Tucson, Arizona is a small-ish town not much more than an hour north of the US border with Mexico, and for a long time, it had felt like a place with an unvaried and largely not-that-exciting culinary tradition. Until recently, Tucson wasn't considered a major food destination, but then in 2015 something amazing and unexpected happened: Tucson was the only US city to be named a World City of Gastronomy by the United Nations Educational, Scientific, and Cultural Organization (UNESCO). I lived in Tucson for ten years as a kid - and still spend a good amount of time here - and I thought this designation confusing and undeserved.
I thought I knew what made up Tucson’s unique southwestern cuisine, but after the UNESCO designation, I realized that I had a hard time describing what exactly it entails to uninitiated outsiders. Chilies, beans, and grilled meats make a lot of appearances, but those are also key ingredients of Mexican food. There's also a lot of use of native ingredients like tepary beans and cholla buds, as well as a long-established wheat growing tradition. So what exactly is southwestern food?
To get a better sense of southwestern cuisine and why Tucson was awarded this designation requires an understanding of the ancient agricultural history in the area, a deeper dive into the creative minds of local chefs, and to realize that the local variation of Mexican food is a tradition all its own — something that only belongs to Tucson.
It's a half hour before the opening of Barrio Bread on a chilly December morning and there's already a line at the door.
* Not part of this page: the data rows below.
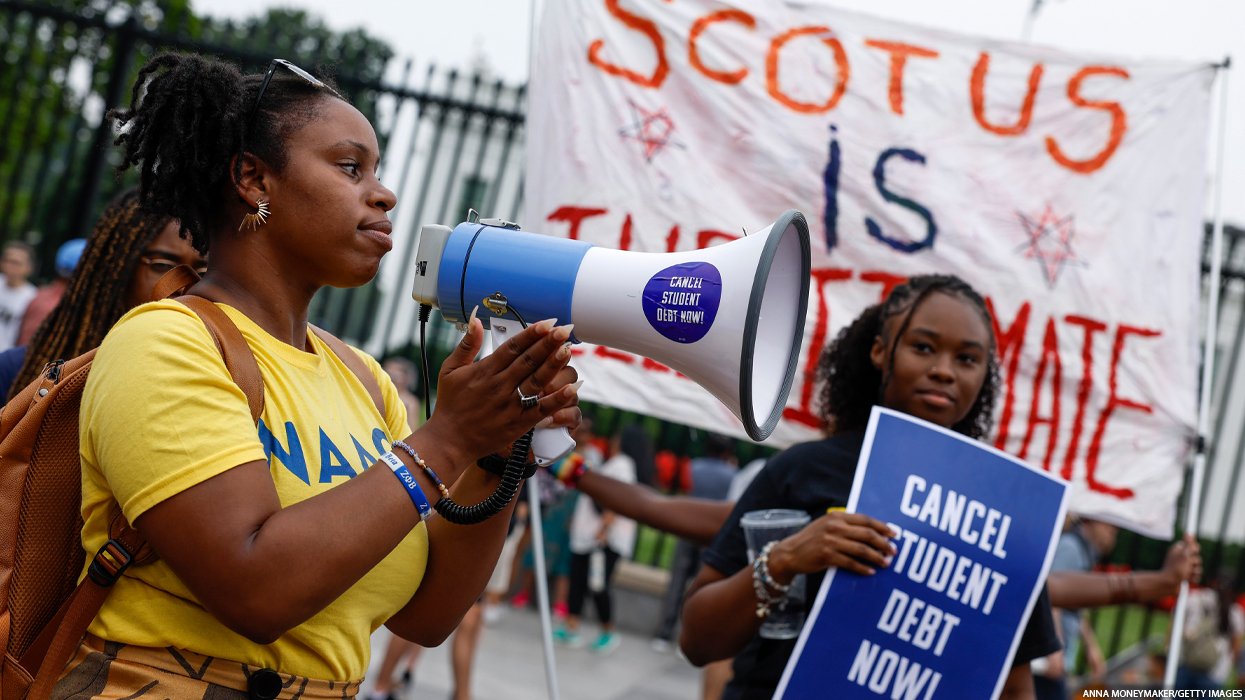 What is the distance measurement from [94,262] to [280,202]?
1.16m

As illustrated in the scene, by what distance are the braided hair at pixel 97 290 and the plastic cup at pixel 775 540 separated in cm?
147

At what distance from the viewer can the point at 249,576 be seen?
4.48 feet

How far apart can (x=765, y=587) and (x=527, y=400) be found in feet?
3.02

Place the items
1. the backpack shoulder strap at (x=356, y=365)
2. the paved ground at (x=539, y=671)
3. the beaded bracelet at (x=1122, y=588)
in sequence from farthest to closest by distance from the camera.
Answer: the paved ground at (x=539, y=671) < the beaded bracelet at (x=1122, y=588) < the backpack shoulder strap at (x=356, y=365)

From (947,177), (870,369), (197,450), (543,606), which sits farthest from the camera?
(947,177)

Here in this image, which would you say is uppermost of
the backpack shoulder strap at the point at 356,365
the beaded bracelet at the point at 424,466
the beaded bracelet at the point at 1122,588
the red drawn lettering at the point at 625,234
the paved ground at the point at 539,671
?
the red drawn lettering at the point at 625,234

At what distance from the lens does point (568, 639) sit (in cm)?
832

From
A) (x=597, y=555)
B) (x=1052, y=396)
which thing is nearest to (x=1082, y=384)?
(x=1052, y=396)

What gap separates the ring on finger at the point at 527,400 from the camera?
5.10 feet

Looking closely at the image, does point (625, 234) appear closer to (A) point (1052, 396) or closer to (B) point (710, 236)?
(B) point (710, 236)

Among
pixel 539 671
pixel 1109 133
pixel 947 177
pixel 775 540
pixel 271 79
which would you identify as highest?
pixel 1109 133

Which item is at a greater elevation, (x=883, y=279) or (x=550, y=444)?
(x=883, y=279)

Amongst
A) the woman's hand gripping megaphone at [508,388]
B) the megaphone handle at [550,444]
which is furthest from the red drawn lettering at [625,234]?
the woman's hand gripping megaphone at [508,388]

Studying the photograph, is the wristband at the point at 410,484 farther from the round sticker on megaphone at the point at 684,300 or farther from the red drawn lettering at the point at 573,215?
the red drawn lettering at the point at 573,215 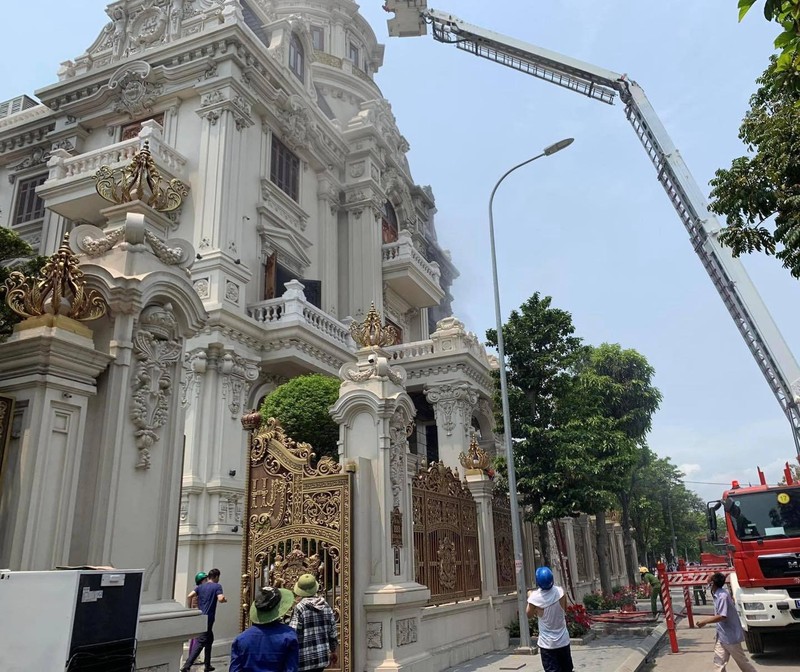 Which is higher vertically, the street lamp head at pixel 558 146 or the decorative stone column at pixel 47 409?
the street lamp head at pixel 558 146

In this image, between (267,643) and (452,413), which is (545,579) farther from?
(452,413)

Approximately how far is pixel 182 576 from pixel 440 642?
18.6ft

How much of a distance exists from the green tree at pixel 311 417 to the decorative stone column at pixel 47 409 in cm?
697

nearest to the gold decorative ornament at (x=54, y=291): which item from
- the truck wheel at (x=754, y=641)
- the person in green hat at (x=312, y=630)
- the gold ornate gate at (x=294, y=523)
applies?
the person in green hat at (x=312, y=630)

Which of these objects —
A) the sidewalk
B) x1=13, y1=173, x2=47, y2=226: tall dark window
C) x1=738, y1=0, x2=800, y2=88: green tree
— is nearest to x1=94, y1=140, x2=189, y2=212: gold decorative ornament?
x1=738, y1=0, x2=800, y2=88: green tree

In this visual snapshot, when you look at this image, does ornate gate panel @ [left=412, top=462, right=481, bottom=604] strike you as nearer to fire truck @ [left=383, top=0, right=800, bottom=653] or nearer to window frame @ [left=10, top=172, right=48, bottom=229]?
fire truck @ [left=383, top=0, right=800, bottom=653]

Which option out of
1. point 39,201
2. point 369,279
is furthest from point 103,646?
point 39,201

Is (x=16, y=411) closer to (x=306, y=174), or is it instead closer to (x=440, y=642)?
(x=440, y=642)

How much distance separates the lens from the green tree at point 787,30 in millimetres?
3502


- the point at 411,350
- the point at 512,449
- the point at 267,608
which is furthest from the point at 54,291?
the point at 411,350

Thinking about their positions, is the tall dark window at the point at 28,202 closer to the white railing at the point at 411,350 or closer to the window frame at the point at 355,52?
the white railing at the point at 411,350

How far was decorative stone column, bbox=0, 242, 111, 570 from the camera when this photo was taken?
4.27 m

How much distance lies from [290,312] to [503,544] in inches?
279

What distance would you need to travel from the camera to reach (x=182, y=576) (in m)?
12.9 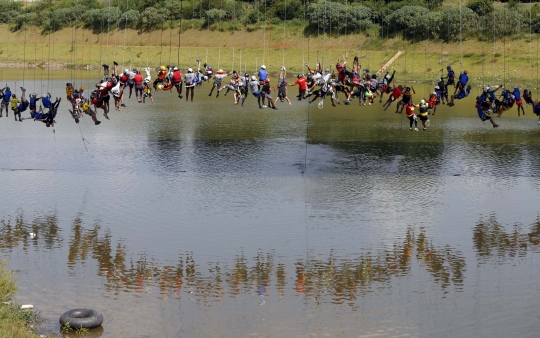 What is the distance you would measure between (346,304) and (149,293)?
6276mm

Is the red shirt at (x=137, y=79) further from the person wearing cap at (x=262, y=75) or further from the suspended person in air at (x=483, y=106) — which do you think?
the suspended person in air at (x=483, y=106)

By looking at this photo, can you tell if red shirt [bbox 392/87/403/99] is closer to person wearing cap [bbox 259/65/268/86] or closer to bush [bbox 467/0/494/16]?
person wearing cap [bbox 259/65/268/86]

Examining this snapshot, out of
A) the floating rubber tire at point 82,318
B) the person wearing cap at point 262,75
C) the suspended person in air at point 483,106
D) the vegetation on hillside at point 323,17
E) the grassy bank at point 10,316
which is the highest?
the vegetation on hillside at point 323,17

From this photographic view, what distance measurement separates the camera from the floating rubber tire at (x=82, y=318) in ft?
74.8

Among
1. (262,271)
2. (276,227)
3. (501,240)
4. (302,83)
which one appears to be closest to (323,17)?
(302,83)

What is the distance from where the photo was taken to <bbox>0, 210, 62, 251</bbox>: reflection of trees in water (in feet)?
105

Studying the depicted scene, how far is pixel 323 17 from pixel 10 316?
250 ft

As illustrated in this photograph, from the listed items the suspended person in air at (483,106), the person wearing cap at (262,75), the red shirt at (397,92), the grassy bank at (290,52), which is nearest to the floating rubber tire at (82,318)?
the person wearing cap at (262,75)

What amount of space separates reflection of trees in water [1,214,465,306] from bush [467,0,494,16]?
6873 centimetres

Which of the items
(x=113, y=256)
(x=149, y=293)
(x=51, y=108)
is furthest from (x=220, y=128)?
(x=149, y=293)

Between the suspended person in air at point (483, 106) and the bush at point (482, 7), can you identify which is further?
the bush at point (482, 7)

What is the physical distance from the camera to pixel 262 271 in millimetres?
29109

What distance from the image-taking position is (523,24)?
88.6 m

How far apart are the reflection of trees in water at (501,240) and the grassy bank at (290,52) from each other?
48887 mm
I never thought New York's favorite pastime - waiting in line for food - would ever make its way to Tucson, but here I am, fourth in line to get one of Tucson's most in-demand products: whole-grain breads made with heirloom, locally-grown wheats. Barrio Bread and it's founder, Don Guerra, have reached a cult-like status among Tucson's food lovers, and it's not just because he makes insanely good bread. Don is also an advocate of using as much local wheat as possible because "it creates more variety and allows for more creativity," and it's paying off in a big way.
Among the wheat varieties Don uses is the historic White Sonoran Wheat, a species that is one of the oldest varieties in North America and has grown in the region for hundreds of years. Introduced by Spanish missionaries, it produces stretchable dough that is ideal for tortillas. The earliest records document the use of this wheat in the early 1700s, and it was instrumental in the development of Northern Mexican and Native American cuisines. Once almost extinct, bakers like Don and farmers at BKW Farms and Hayden Flour Mills have helped bring this wheat back to the national stage. After nearly a decade in business, Don now uses grains exclusively grown in Arizona and uses the bakery "as a test bakery to showcase different regional wheat varieties."
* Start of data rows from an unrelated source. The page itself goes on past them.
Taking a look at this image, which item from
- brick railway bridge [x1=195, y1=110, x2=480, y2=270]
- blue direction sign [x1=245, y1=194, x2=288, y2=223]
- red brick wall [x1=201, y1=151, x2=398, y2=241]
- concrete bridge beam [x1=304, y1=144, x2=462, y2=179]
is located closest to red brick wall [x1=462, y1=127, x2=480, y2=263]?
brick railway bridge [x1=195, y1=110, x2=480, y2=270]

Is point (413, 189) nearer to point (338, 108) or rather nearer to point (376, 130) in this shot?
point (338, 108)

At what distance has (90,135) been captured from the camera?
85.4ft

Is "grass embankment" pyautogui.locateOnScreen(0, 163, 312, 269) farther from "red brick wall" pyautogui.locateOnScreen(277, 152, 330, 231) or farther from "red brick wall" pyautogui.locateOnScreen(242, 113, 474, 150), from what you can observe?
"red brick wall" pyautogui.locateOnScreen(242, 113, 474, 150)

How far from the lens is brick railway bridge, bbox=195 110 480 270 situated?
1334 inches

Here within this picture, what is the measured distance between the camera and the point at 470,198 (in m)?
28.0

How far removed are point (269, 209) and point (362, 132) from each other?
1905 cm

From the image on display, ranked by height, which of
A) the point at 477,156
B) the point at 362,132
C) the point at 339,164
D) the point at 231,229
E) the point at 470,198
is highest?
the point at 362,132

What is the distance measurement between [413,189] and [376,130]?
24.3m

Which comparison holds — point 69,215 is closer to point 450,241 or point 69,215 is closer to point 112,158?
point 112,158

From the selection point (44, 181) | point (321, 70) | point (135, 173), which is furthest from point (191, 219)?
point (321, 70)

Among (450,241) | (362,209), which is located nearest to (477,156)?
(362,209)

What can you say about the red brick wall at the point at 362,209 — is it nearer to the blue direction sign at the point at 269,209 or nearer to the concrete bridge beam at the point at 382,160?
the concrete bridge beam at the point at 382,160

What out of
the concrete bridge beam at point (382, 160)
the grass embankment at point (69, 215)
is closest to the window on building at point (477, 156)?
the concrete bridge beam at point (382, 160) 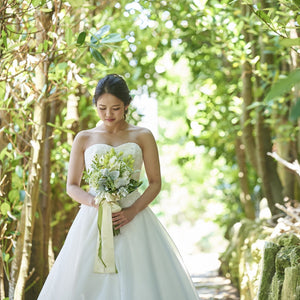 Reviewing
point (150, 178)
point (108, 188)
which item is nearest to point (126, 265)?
point (108, 188)

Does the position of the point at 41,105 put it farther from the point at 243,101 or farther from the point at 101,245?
the point at 243,101

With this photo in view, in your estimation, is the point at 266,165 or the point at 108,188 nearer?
the point at 108,188

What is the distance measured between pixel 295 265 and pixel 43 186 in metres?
2.05

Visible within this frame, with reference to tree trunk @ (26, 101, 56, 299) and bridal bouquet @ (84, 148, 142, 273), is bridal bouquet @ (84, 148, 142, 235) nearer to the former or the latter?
bridal bouquet @ (84, 148, 142, 273)

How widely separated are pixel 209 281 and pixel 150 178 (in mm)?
3854

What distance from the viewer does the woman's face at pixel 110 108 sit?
317cm

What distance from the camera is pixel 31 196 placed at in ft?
11.7

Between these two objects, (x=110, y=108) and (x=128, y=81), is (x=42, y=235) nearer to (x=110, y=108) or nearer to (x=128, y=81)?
(x=110, y=108)

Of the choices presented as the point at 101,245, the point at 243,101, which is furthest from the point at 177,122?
the point at 101,245

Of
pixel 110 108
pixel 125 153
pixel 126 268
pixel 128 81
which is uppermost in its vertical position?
pixel 128 81

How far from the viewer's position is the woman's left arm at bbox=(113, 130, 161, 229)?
124 inches

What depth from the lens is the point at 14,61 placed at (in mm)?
3559

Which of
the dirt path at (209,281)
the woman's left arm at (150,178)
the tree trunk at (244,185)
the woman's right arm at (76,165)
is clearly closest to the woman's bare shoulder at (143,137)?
the woman's left arm at (150,178)

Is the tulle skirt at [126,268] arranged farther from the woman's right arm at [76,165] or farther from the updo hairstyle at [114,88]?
the updo hairstyle at [114,88] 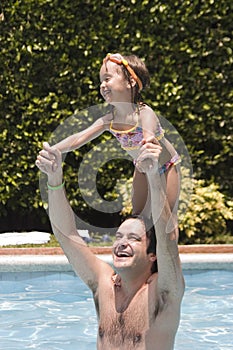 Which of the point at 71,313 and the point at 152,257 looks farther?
the point at 71,313

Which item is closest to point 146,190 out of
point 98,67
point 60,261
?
point 60,261

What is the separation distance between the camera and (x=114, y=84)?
389 cm

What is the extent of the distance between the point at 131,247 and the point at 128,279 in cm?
17

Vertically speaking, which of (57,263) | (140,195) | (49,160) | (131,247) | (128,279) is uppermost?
(49,160)

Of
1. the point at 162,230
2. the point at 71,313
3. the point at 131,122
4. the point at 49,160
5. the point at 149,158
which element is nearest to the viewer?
the point at 149,158

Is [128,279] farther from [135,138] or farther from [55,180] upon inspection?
[135,138]

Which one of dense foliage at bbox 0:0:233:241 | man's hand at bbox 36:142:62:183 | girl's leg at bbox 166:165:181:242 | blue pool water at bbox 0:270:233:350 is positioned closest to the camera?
man's hand at bbox 36:142:62:183

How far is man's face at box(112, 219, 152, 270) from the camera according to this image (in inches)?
125

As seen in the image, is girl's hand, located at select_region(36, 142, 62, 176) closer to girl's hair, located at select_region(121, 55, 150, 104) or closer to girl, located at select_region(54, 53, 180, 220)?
girl, located at select_region(54, 53, 180, 220)

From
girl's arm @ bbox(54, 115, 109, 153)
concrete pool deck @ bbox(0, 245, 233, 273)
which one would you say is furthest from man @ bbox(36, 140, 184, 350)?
concrete pool deck @ bbox(0, 245, 233, 273)

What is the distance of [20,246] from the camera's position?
28.3ft

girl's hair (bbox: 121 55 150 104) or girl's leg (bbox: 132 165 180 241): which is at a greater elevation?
girl's hair (bbox: 121 55 150 104)

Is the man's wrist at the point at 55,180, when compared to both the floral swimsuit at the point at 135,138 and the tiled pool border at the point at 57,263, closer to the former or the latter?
the floral swimsuit at the point at 135,138

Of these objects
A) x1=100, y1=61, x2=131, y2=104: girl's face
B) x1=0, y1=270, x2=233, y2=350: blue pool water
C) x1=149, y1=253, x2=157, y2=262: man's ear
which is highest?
x1=100, y1=61, x2=131, y2=104: girl's face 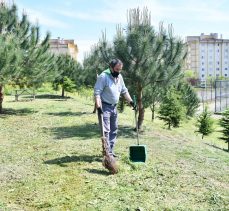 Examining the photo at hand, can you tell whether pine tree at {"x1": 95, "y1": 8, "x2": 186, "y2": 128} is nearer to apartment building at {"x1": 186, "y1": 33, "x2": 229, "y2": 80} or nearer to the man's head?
Answer: the man's head

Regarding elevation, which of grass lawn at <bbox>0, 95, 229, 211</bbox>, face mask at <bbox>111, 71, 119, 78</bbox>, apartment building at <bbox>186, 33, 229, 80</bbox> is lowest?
grass lawn at <bbox>0, 95, 229, 211</bbox>

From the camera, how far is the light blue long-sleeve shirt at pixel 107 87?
267 inches

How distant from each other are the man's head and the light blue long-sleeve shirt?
0.08m

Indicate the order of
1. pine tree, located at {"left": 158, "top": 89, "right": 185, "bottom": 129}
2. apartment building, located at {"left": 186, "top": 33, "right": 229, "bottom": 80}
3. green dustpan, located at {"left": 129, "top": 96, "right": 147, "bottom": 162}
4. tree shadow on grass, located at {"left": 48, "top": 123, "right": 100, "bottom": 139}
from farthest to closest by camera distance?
apartment building, located at {"left": 186, "top": 33, "right": 229, "bottom": 80}, pine tree, located at {"left": 158, "top": 89, "right": 185, "bottom": 129}, tree shadow on grass, located at {"left": 48, "top": 123, "right": 100, "bottom": 139}, green dustpan, located at {"left": 129, "top": 96, "right": 147, "bottom": 162}

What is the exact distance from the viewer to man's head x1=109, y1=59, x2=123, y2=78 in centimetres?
679

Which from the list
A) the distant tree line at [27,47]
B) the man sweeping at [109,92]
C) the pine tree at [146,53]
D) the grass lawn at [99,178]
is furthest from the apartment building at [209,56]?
the man sweeping at [109,92]

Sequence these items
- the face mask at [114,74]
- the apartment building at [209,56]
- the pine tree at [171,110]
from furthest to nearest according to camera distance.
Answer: the apartment building at [209,56], the pine tree at [171,110], the face mask at [114,74]

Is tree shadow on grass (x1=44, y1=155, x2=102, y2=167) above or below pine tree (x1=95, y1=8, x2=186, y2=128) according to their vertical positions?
below

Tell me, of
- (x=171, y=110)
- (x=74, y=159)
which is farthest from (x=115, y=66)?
(x=171, y=110)

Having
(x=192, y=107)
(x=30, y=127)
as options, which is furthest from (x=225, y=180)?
(x=192, y=107)

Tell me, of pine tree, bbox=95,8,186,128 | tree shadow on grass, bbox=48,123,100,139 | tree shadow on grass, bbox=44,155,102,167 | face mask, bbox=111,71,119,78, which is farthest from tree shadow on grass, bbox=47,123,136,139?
face mask, bbox=111,71,119,78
In collaboration with local and regional farmers, the Pascua Yaqui and Tohono O'odham Indian Tribes, and local chefs, local organization Native Seeds/SEARCH works to preserve food diversity in the southwest through seed preservation and distribution. Their team said that Chapalote Corn has been cultivated and consumed by native tribes in Tucson for almost 4,000 years. Also integral to Tucson’s regional cuisine is the Chiltepin Pepper, a tiny, fiery chili, that is native to the southwest area and said to be the "mother" chili to all other chilis in the western hemisphere and has been cultivated for over 7000 years.
It's thanks to Native Seed/SEARCH that chefs like Ryan Clark have access to an abundance of locally-specific produce that be incorporated into recipes in their restaurants. Ryan Clark is currently the Chef de Cuisine at PY Steakhouse at Casino del Sol on the Pascua Yaqui Tribe reservation and he uses many local ingredients like tepary beans and cholla buds that are not typical of steakhouse menus.
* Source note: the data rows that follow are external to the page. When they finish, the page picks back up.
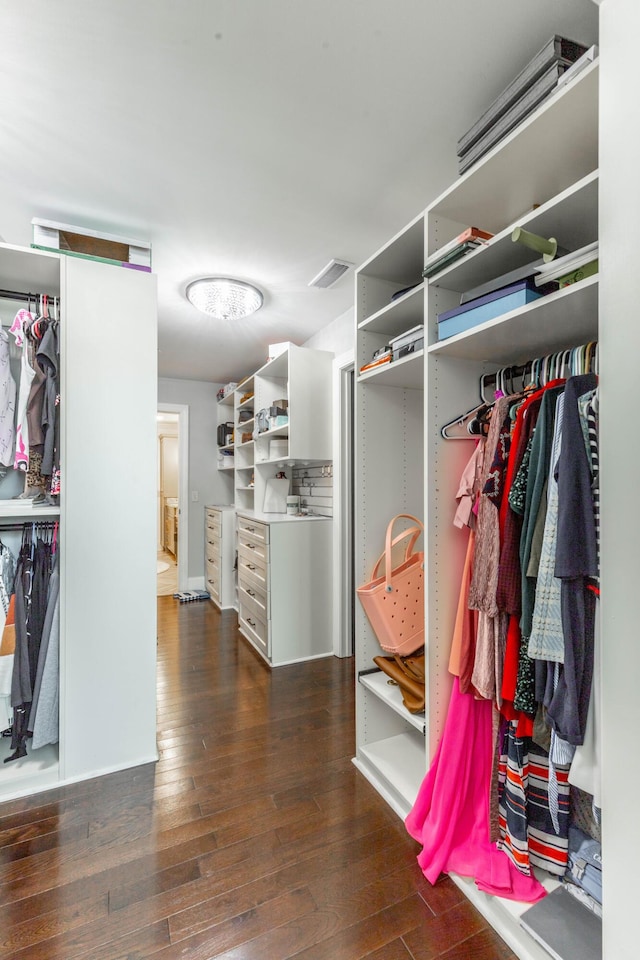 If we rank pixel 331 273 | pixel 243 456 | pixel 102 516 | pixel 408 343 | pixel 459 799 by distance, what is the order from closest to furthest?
pixel 459 799 → pixel 408 343 → pixel 102 516 → pixel 331 273 → pixel 243 456

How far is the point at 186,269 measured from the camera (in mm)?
2590

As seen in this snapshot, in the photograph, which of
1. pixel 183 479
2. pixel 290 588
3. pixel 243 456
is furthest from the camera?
pixel 183 479

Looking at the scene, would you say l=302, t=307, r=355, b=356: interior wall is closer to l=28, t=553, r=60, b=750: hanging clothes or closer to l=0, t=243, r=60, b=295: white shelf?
l=0, t=243, r=60, b=295: white shelf

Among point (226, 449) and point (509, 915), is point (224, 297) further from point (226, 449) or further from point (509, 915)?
point (509, 915)

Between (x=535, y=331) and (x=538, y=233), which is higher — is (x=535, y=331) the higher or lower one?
the lower one

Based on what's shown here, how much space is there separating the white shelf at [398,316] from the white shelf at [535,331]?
27 cm

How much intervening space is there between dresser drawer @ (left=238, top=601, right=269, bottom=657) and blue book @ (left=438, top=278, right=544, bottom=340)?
7.61 ft

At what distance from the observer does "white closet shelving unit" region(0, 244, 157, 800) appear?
1861mm

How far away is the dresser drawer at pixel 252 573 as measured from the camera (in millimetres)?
3090

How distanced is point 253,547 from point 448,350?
7.43 feet

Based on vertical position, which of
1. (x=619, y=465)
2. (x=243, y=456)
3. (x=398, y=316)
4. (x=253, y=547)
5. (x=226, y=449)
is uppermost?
(x=398, y=316)

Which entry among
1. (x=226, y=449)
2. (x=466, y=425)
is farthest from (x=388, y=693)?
(x=226, y=449)

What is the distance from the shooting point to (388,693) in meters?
1.83

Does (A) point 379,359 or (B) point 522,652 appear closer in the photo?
(B) point 522,652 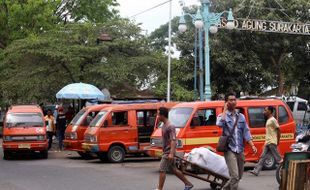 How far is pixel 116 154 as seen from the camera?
17609 mm

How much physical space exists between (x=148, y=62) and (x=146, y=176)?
12.8 m

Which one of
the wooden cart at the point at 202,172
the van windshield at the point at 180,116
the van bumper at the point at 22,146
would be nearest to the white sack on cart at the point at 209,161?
the wooden cart at the point at 202,172

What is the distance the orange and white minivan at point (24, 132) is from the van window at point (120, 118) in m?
2.92

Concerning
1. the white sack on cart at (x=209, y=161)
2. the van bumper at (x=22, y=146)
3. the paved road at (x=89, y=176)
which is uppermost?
the white sack on cart at (x=209, y=161)

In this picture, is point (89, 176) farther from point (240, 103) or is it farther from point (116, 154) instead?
point (240, 103)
"My food tastes like Tucson...I use as many local ingredients as possible,” he says, “I want to elevate local and heritage ingredients. I have relationships with local farmers, and I change the menu at PY to reflect those relationships and the ingredients."
Chef Janos Wilder is a local icon and restauranteur and is Tucson’s biggest advocate for localized, southwestern cooking. A James Beard Award winner, Janos has made it his mission to incorporate native-to-Tucson ingredients in his menus. He dubs the main ingredients of southwest cooking as the "three sisters": corn, beans, and squash and they "have informed the dishes of the region."
When challenged on which dishes make up Southwestern cuisine, Janos spoke about the culinary iconography of the region. "Tacos, enchiladas, and rellenos are well known, but dishes and ingredients from the Sonora Region or Sea of Cortez off Baja California have made their way into Sonoran cuisine," he told me. A big part of what makes up many historic Tucson dishes involve ingredients that could be foraged from the surrounding area. "Prickly pear cactus, Sonoran Wheat, and mesquite flour are ingredients that go back thousands of years. Basically everything was native until relatively recently," explained Janos.
Like all the chefs I spoke with, Janos spoke of the importance of the ingredients historically used by the local Native American tribes. "Even though they were traditional foods, they were forgotten for awhile," he said, "But they now have a rightful place in Tucson's culinary tradition."
So what is southwestern food? First and foremost, southwestern food is about utilizing the ingredients that are native to the area. Without these ingredients, Tucson’s southwestern cuisine wouldn't have the unique elements that separate it from Mexican cuisine.
But perhaps more important than the ingredients is the incorporation of the culinary traditions that have been developed and mastered over the course of Tucson's four thousand year culinary heritage. Tucson may seem like an unlikely place to have received such a profound UNESCO honor, but with a culinary tradition as old as Tucson's, it was only a matter of time.